Après le démantèlement d'un barrage du côté serbe du poste-frontière de Merdare, la police du Kosovo a confirmé "le retour à la normale" et la réouverture de ce poste, fermé la veille, principal point de passage avec la Serbie.
Des images de la télévision d'Etat serbe RTS ont montré des files de voitures et de camions formées du côté serbe.
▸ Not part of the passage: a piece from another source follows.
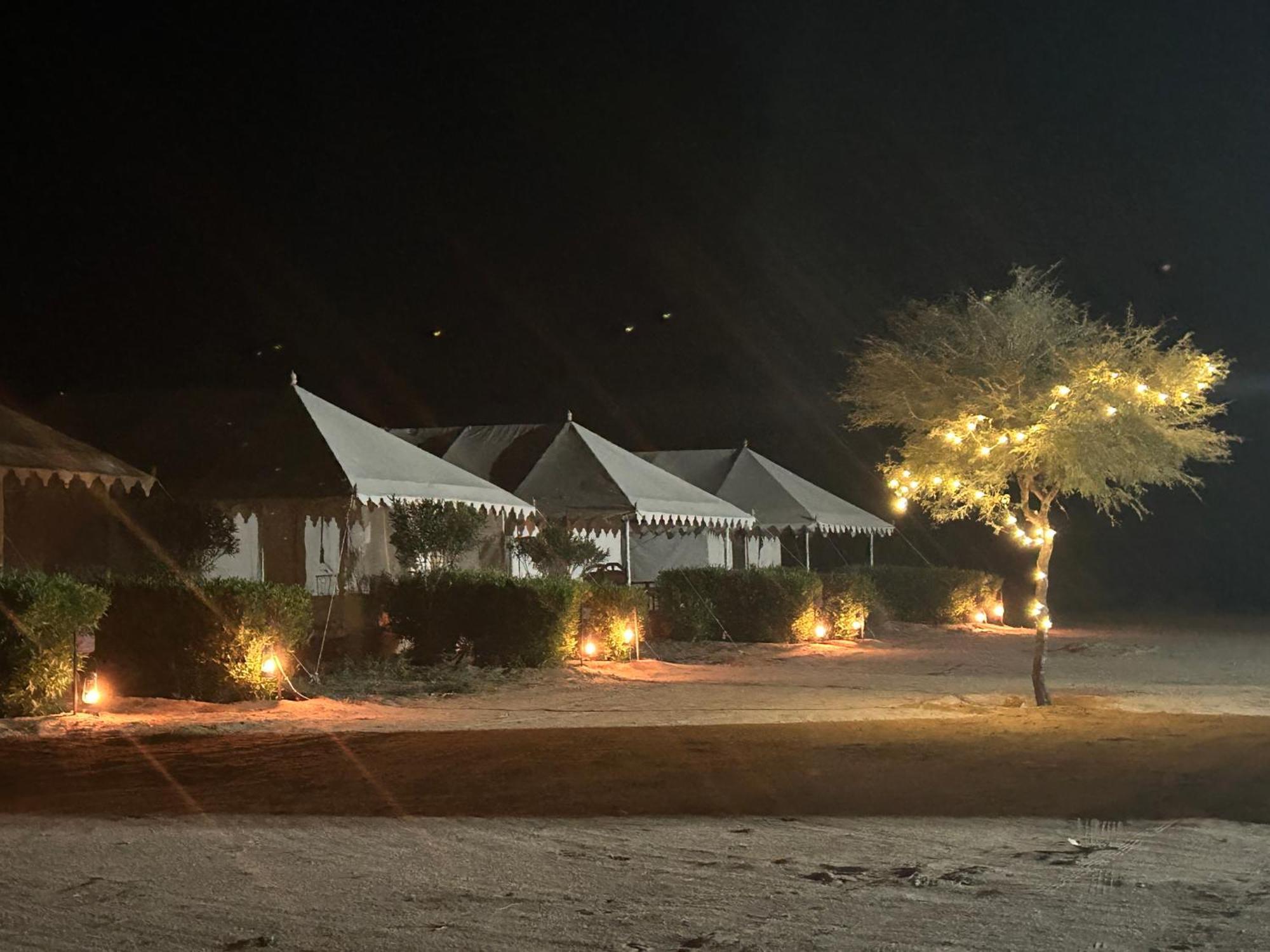 Sunny Desert Camp Kuri Ngoại thất bức ảnh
Selon RTS, la Serbie a levé l'état d'alerte renforcée dans lequel elle avait placé ses troupes lundi soir.
Mercredi soir, après un appel à la désescalade lancé aux deux parties par Washington et l'Union européenne, le président serbe Aleksandar Vucic a annoncé le démantèlement par la minorité serbe du Kosovo des barrages installés depuis près de trois semaines.
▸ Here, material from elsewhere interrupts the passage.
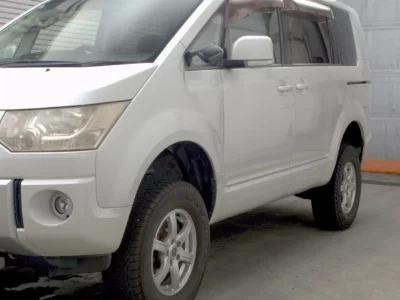 Mitsubishi DELICA D5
"Les barricades seront démantelées mais la méfiance demeure", a dit M. Vucic durant une rencontre avec des représentants des Serbes du Kosovo près de la frontière kosovare, selon des propos cités par RTS.
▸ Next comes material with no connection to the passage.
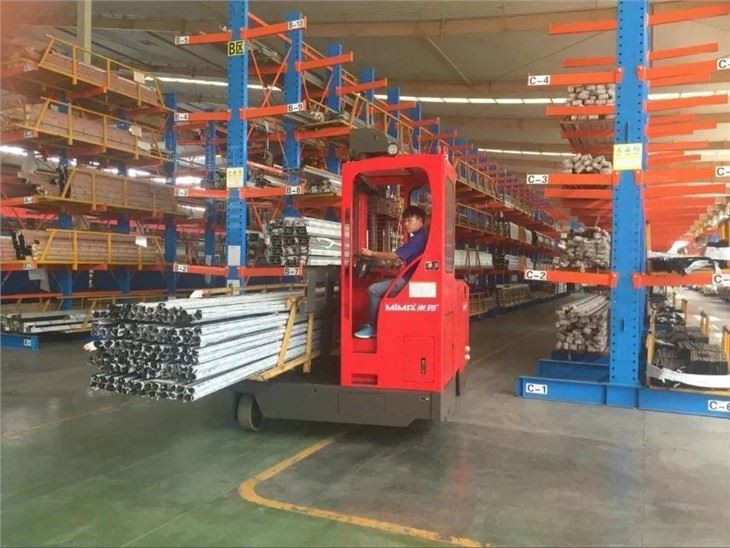 Carrello retrattile multidirezionale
Dans un geste manifestement destiné à apaiser les tensions, un tribunal de Pristina avait auparavant ordonné mercredi la remise en liberté et le placement en résidence surveillée d'un ex-policier serbe, Dejan Pantic, dont l'arrestation avait déclenché la colère de la minorité serbe.
Jeudi matin, la situation dans le Nord du Kosovo était calme, avec des patrouilles des forces internationales de maintien de la paix selon un correspondant de l'AFP. A Mitrovica, deux camions utilisés pour bloquer un pont avaient brûlé durant la nuit. La cause du sinistre était inconnue.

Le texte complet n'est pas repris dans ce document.